The Government was accused today of failing to heed expert warnings that a crisis is facing maths and science teaching in schools across Britain.
Simon Singh, one of the country's foremost science writers, said that ministers were not doing enough to address chronic teacher shortages, which threaten the subjects and put economic prosperity at risk.
His warnings follow government responses this summer to two lengthy official inquiries into maths and science, which examine the dearth of subject specialist teachers.
Ministers announced new centres for excellent teaching in the subjects, removal of the limit on advanced skills teachers' salaries and a pledge to come nearer to hitting recruitment targets.
But Dr Singh said he had struggled to find any sense of urgency in the response to the Smith report on maths teaching from Charles Clarke, the Education Secretary.
"I don't see a recognition that this is a massive crisis," he said. "I'm not quite sure what the Government is going to do to turn this around."
Ministers captured headlines with a pledge to pay the best maths teachers in excess of pound;50,000 when they announced their response.
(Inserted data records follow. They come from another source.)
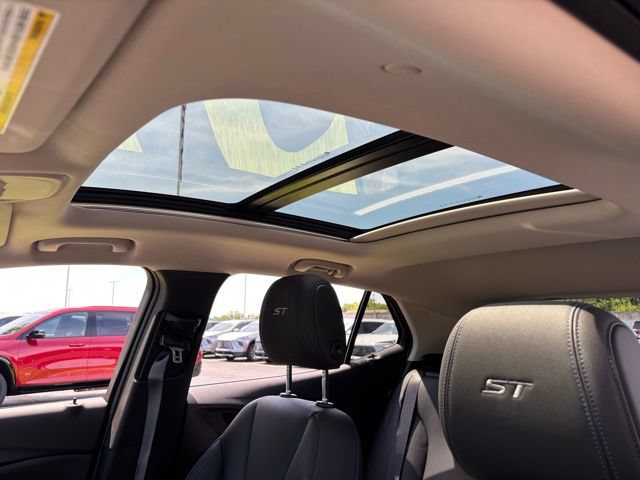 New 2026 Buick Encore GX Sport Touring w/ Advanced Technology Package FWD image 5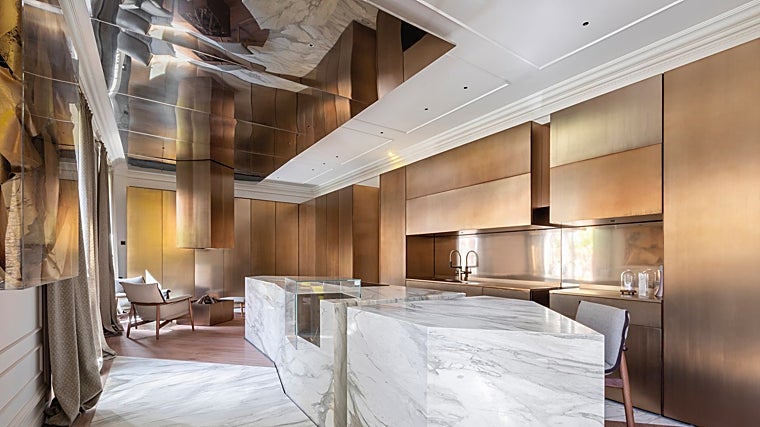 Cocina panelada y con piedra, metales y madera de Coeco junto a López y Tena Arquitectos.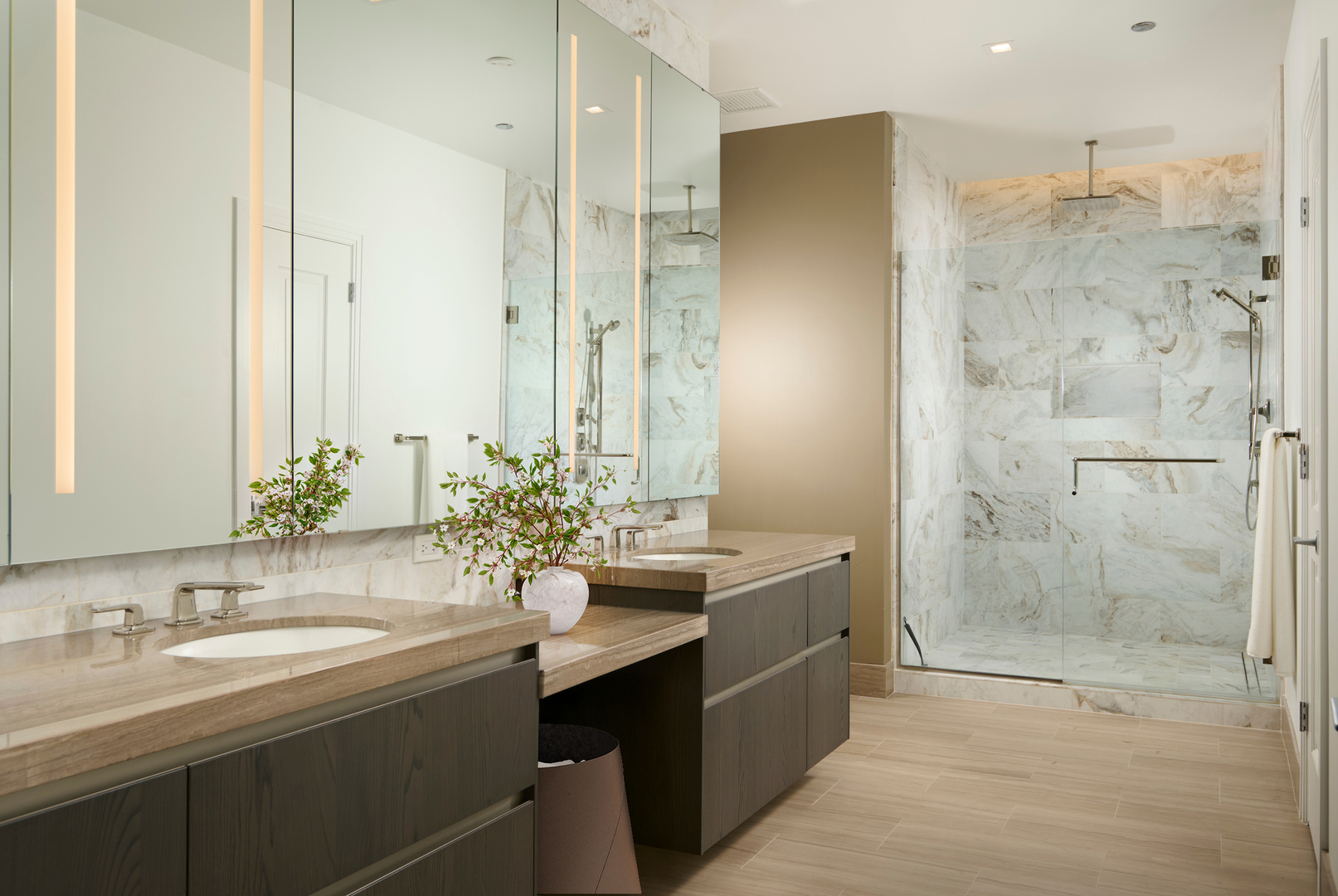 363 E Wacker Drive Unit: 1607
But, as The TES reported, the moves on pay will affect only advanced skills teachers, around 2 per cent of staff. Ministers will not pay teachers more than pound;50,000 but are giving schools the flexibility to do so.
Dr Singh said he was not convinced more pay in itself was the answer. But nor did he think other initiatives were the solution.
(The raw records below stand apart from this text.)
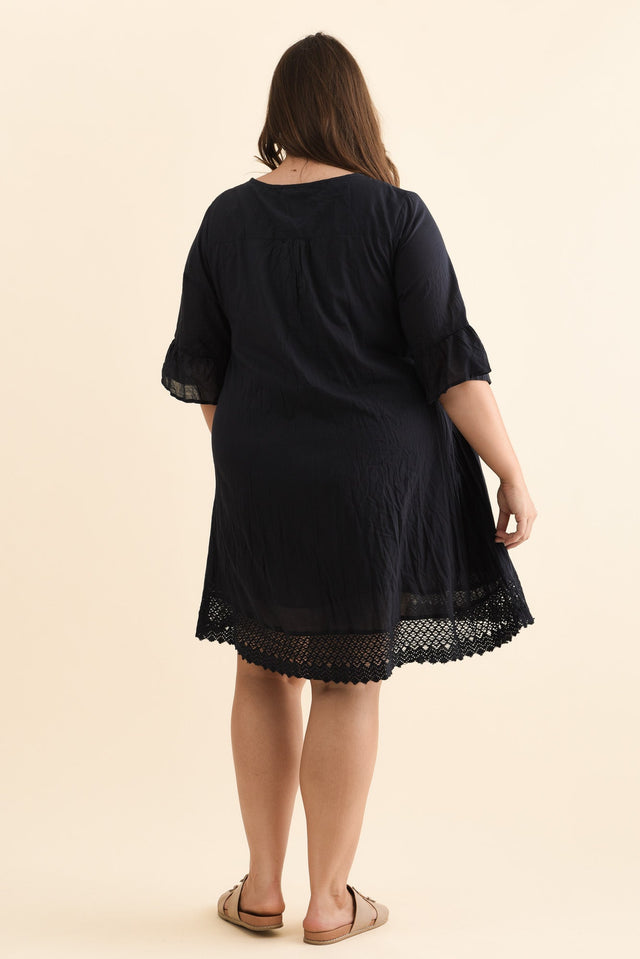 Cayman Navy Cotton Tunic Dress,Brunette model,alt text|model:Gabby image 13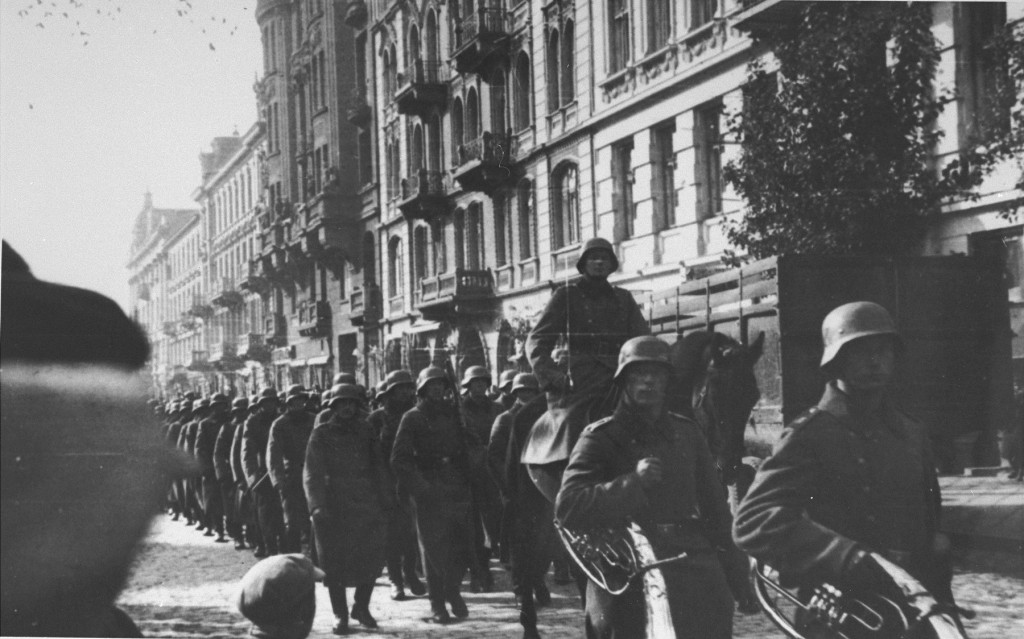 United States Holocaust Memorial Museum German troops advance through Europe in May 1940. The invasion forced Wallis and Edward to flee Paris and eventually reach Portugal.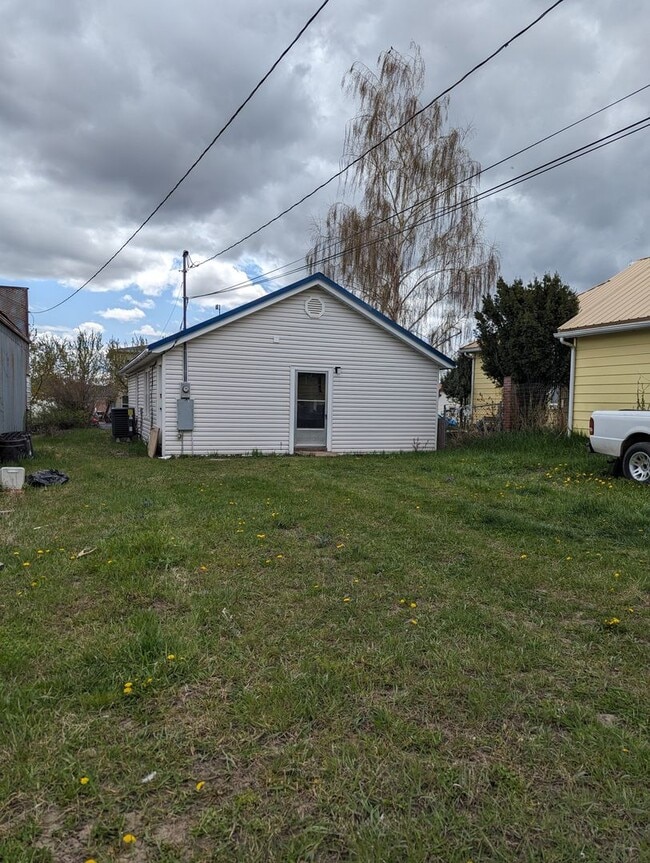 Photo - Quaint 2 bedroom Craigmont house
He said: "The Government has to do more than just build a centre for excellent maths teaching, or science teaching. Anyone can put up a building.
"Neither that, nor looking at, say, changes in the curriculum, will answer the fundamental problem, which is getting more people into teaching."
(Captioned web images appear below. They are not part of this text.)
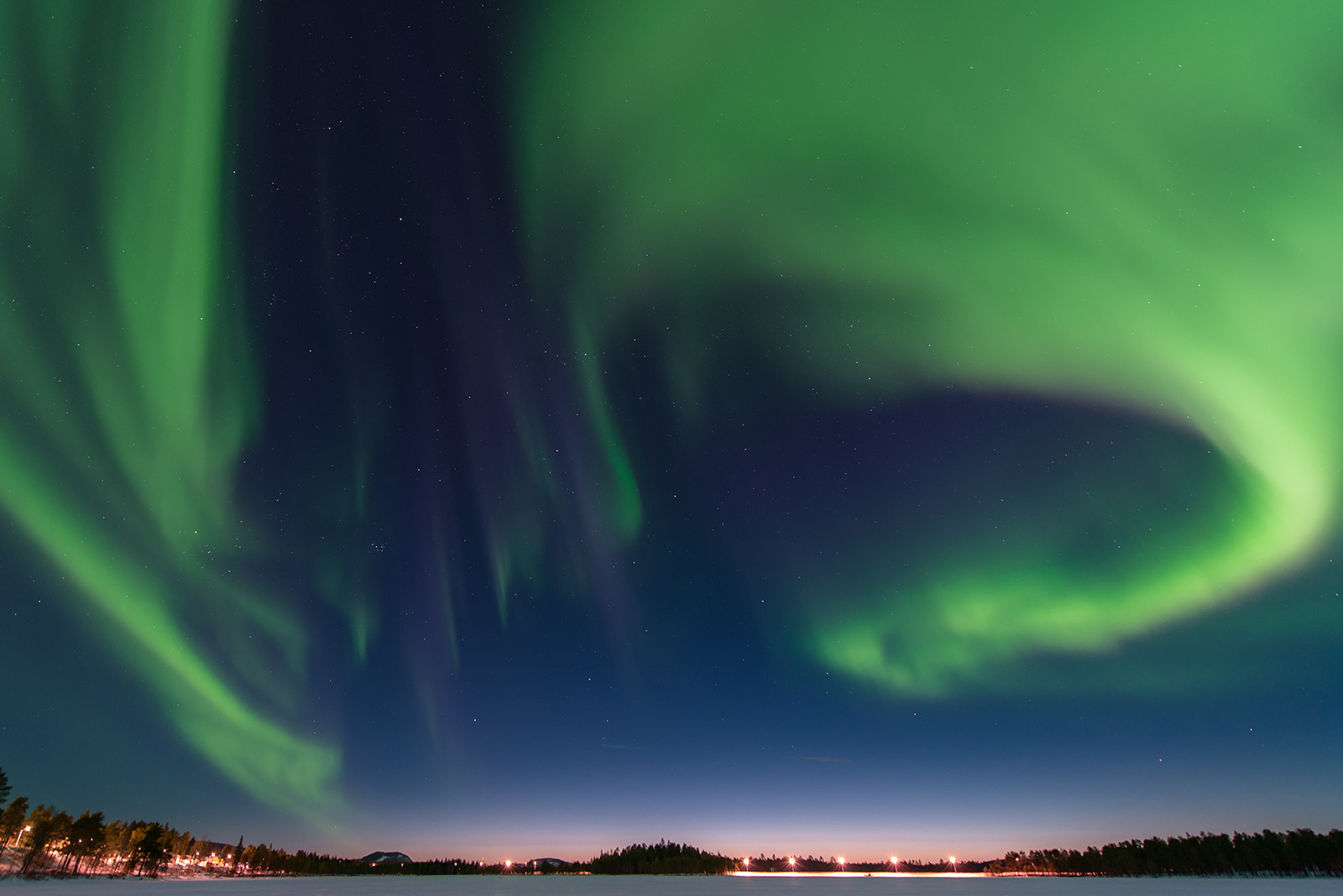 Nikon AF-S Nikkor 14-24mm F2.8G ED sample photo. Northern lights photography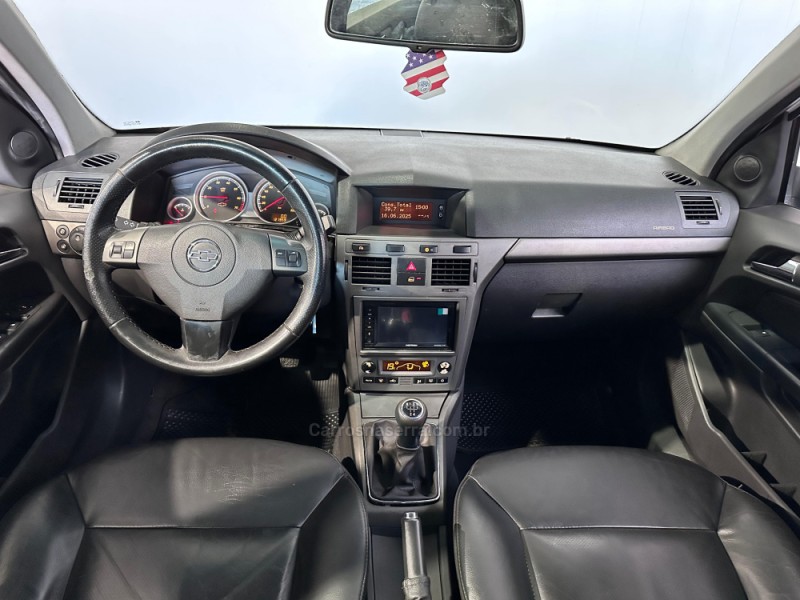 VECTRA 2.0 MPFI GT-X HATCH 8V FLEX 4P MANUAL - 2009 - VACARIA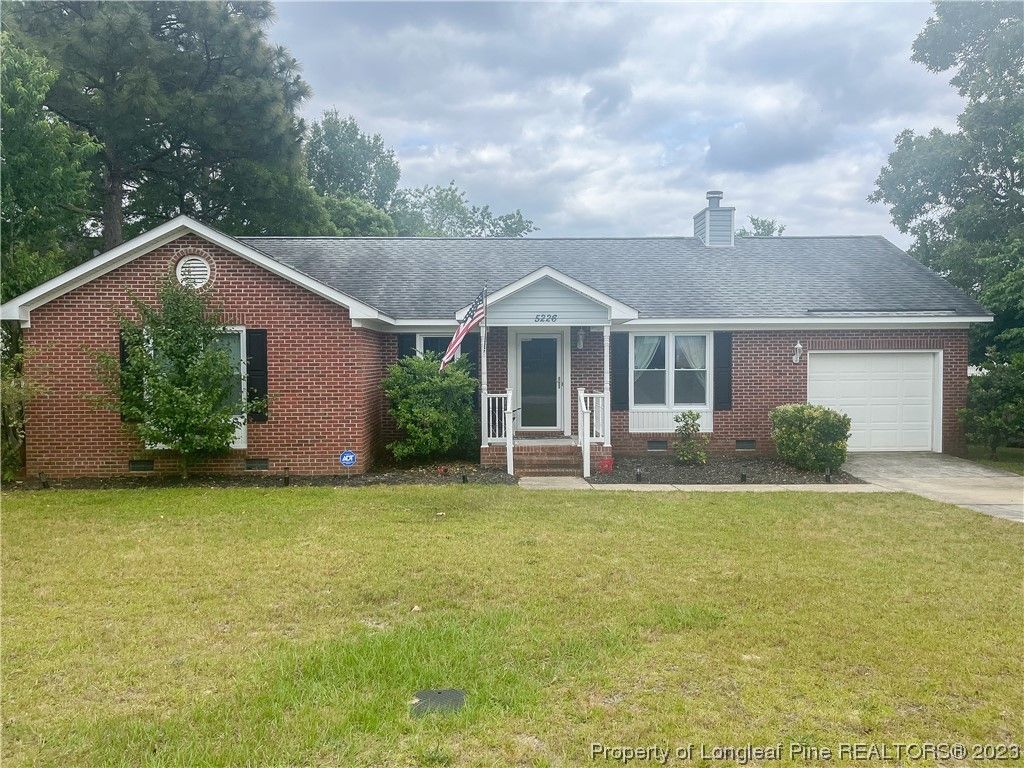 5226 Archer Road, Hope Mills, NC 28348 — exterior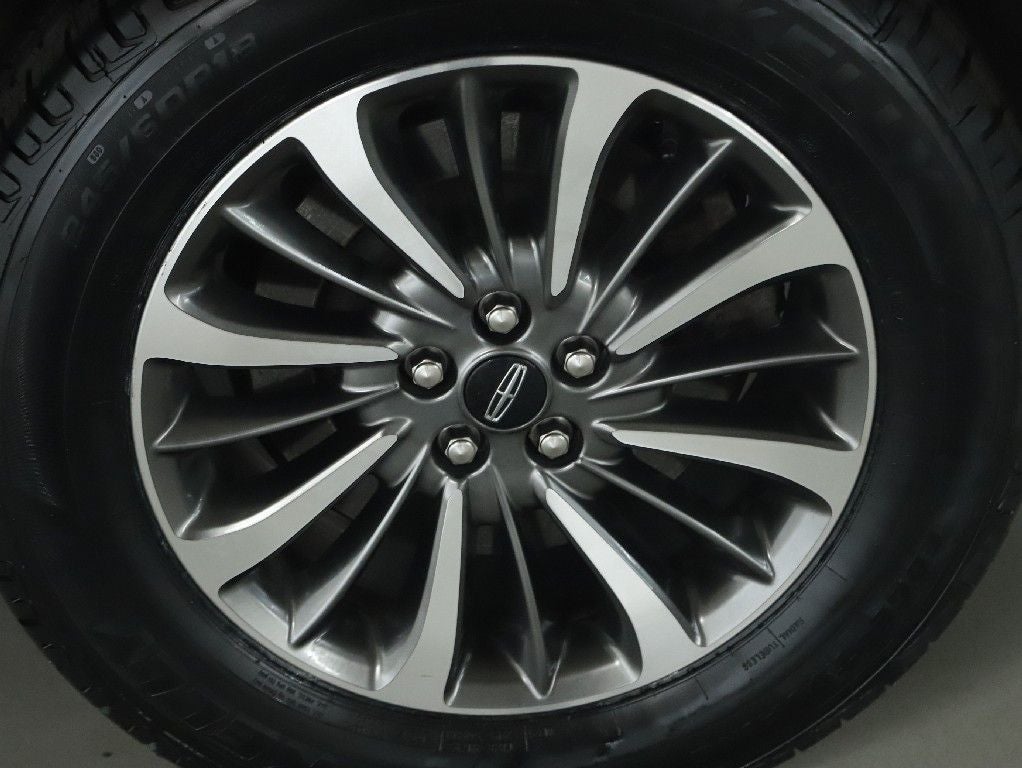 2023 Lincoln Nautilus Standard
Dr Singh, the author of Fermat's Last Theorem, a bestselling account of the solving of one of the most elusive problems in maths, visits dozens of schools a year. He said he regularly met "wonderful" science teachers, but was also confronted by horrendous tales of recruitment difficulties. One secondary school he visited did not have a single qualified science teacher.
He said there were no easy answers but he wanted the Government to embark on a detailed, five-year study of recruitment patterns in, say, 50 schools to get a true picture of the difficulties they faced.
He also attacked the teaching of creationism in some school science lessons as "just dreadful". Emmanuel college, in Gateshead, teaches creationism alongside evolutionary theory.
Dr Singh said: "We don't teach Einstein in RE. So why teach religion in science?"
His comments will be particularly bruising for ministers, as he is not a habitual critic. Dr Singh said he supported much of the Government's record, including primary school reform and its investment in the infrastructure of science.
The criticisms coincided with the publication of his latest book, Big Bang, an account of the birth of the universe, the history of cosmology and the development of the scientific method.